Oven Roasted Brisket
Author: 
Serves: 12 servings
 
This is the recipe you need when feeding a crowd. Serve it with coleslaw, sliced tomatoes and bread for grabbing any extra gravy on your plate!
Ingredients
  • 1 (4- to 5-pound) beef brisket
  • 1 (12-ounce) bottle beer
  • 1 (1-ounce) package dry onion soup mix
  • ¼ teaspoon black pepper
  • 1 (12-ounce) bottle chili sauce
  • ¼ cup cornstarch
Instructions
  1. Preheat oven to 325 degrees. Grease heavy roaster with cooking spray and place the brisket inside. Pour the beer over the top. Sprinkle the brisket evenly with the onion soup mix and pepper. Drizzle the chili sauce over the top. Cover and bake 5-6 hours (1 hour per pound of brisket), making sure not to baste.

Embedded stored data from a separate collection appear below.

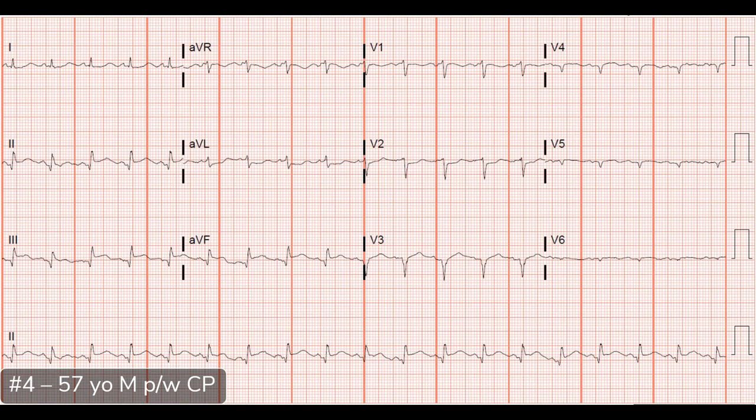Looking at this ECG, the rate is just about 100. The rhythm appears to be sinus — there's a P for every QRS and a QRS after every P. The P wave morphology looks similar and the P wave axis is appropriate. The overall QRS axis is normal with normal intervals. When it comes to ischemia, I do start to see some signs — ST elevations in the inferior leads 2, 3, and AVF.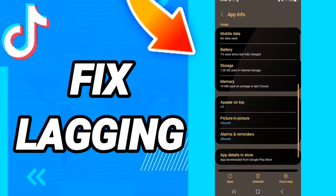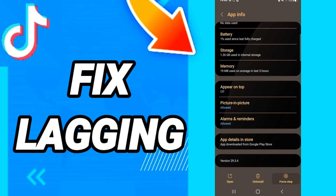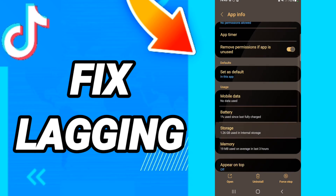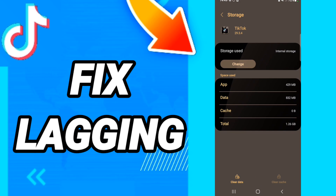Then in this page, as you see, we click Force Stop first. When you finish that, you will go back in, and after that in this page you will click Clear Cache, then you will click Clear Data.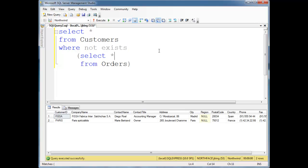It doesn't matter what is contained in that record. With IN, we had to have a single column in here. With exists, it doesn't really matter what we put here. It's arbitrary.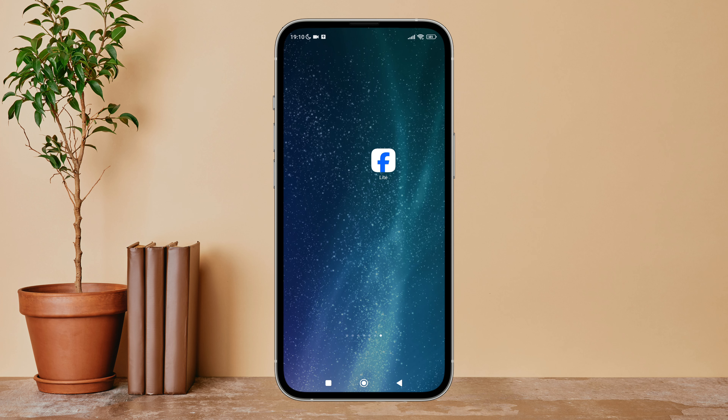Hello everyone, welcome back to another episode of Technology Glance. Today in this video, I'm going to guide you through how you can stop receiving notifications for joined groups on Facebook Lite. So let's get started. Firstly, open the Facebook Lite app on your device.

  2. Remove the brisket from the roaster onto a platter and cover tightly with aluminum foil. Strain the drippings through a sieve into a 2-cup measure. Place the 2 cups of strained drippings in a small saucepan over medium heat. Strain the remaining drippings into the measuring cup and measure ½ cup. If necessary, add water to make sure it is ½ cup of liquid.
  3. Place the cornstarch in a jar with a tight-fitting lid. Add the ½ cup of reserved drippings, cover and shake vigorously to emulsify. Stir into the drippings in the saucepan. Cook until thickened, stirring constantly for 5-7 minutes. Decrease heat to low and cover.
  4. Cut the brisket into ½-inch slices and place on the serving dish. Transfer the gravy to a serving dish or boat and serve warm.